George Manners

Personal information
- Nationality: British/Vincentian
- Born: 25 January 1938 Saint Vincent and the Grenadines
- Died: August 2021 (aged 83) England
- Occupation: Weightlifting coach

Sport
- Sport: Olympic weightlifting
- Event: Light Heavyweight

Medal record
weightlifting
Representing England
British Empire & Commonwealth Games
| Silver medal – second place | 1962 Perth | -82.5 Kg combined |
| Silver medal – second place | 1966 Kingston | -90 Kg combined |
| Bronze medal – third place | 1970 Edinburgh | -90 Kg combined |

= George Manners (weightlifter) =

English weightlifter (1938–2021)

George Russell Manners (25 January 1938 - August 2021) was a British/Vincentian male weightlifter who competed for England.

== Weightlifting career ==
Manners represented Great Britain at the 1964 Summer Olympics finishing in 15th place in the light-heavyweight category.

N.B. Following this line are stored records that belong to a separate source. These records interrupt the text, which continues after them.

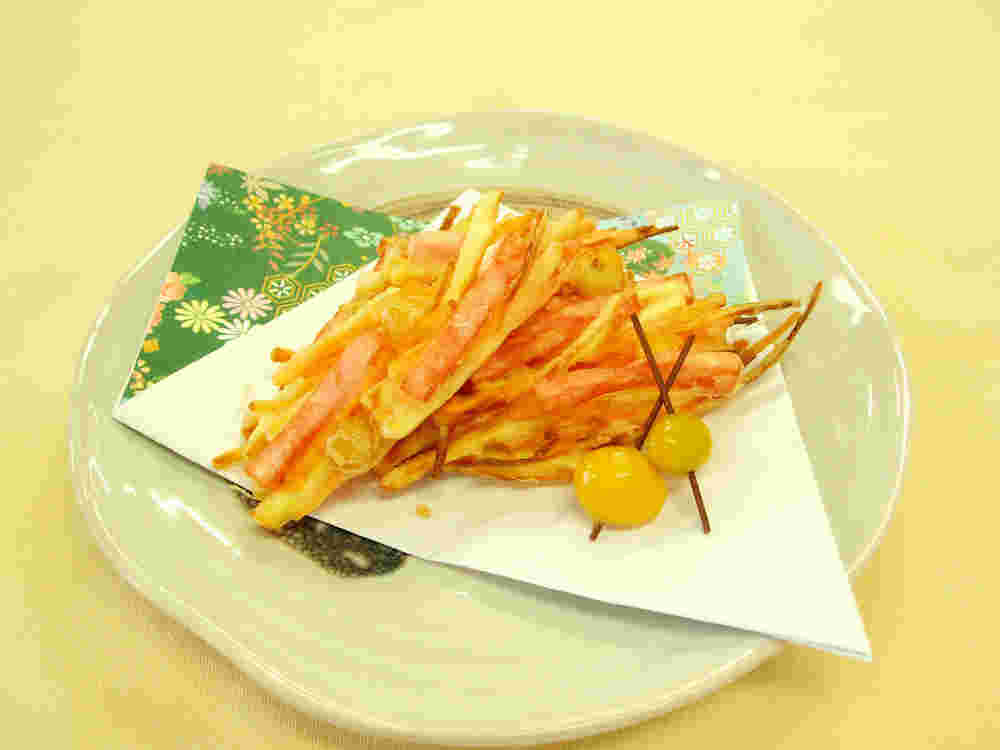 ホモソーセージとさつまいものかき揚げ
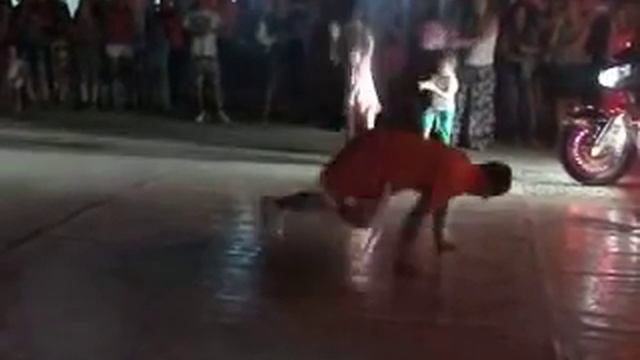 Набережная Судака. Брейк данс. Клуб Ковбой смотреть онлайн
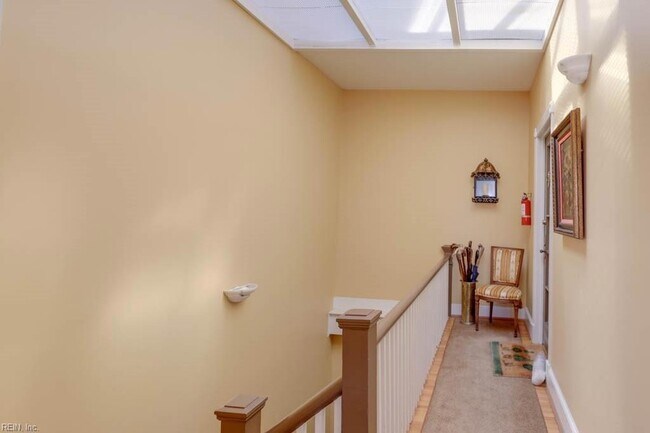 Foto del edificio - 703 W Princess Anne Road Unit 5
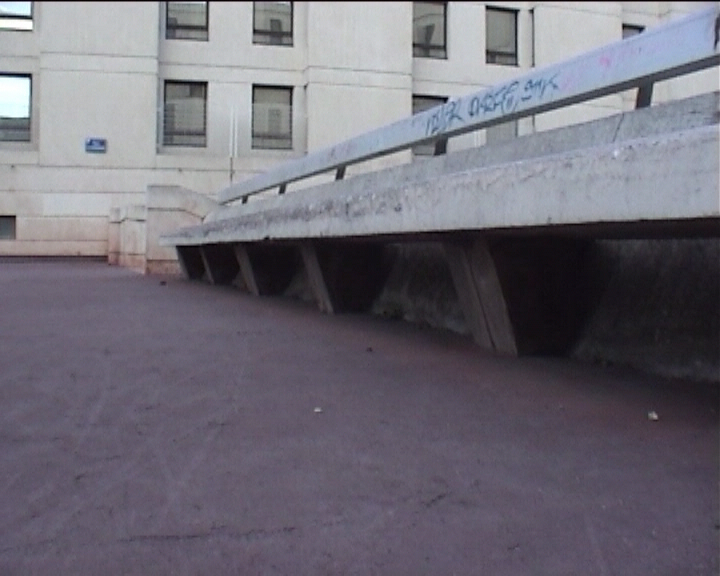 Frantour Spot Street Montpellier Skate Spot 4/5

He represented England and finished fifth in the -60 kg combined category at the 1958 British Empire and Commonwealth Games in Cardiff, Wales. He won two silver medals at the 1962 British Empire and Commonwealth Games and the 1966 British Empire and Commonwealth Games respectively.

== Personal life ==
He migrated to England in 1957 and was a plumber by trade. He died in August 2021 at the age of 83.